**Aim of the task:**
Copy out all the lines of the data precisely, omitting any pictures.

**Data provided:**
--*--

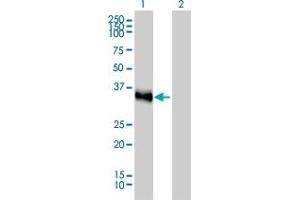 Western Blot analysis of CRX expression in transfected 293T cell line by CRX monoclonal antibody (M02), clone 4G11. (CRX anticorps  (AA 1-95))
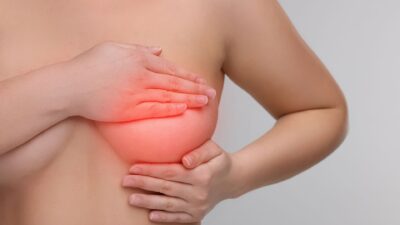 Ngực mềm bất thường có phải là nhão không?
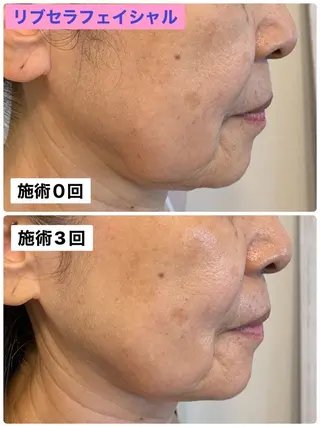 Private Salon Prunelle所属・プライベートサロン プリュネルのエステ・リラクイメージ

--*--

**Solution:**
 Western Blot analysis of CRX expression in transfected 293T cell line by CRX monoclonal antibody (M02), clone 4G11. (CRX anticorps  (AA 1-95))
 Ngực mềm bất thường có phải là nhão không?
 Private Salon Prunelle所属・プライベートサロン プリュネルのエステ・リラクイメージ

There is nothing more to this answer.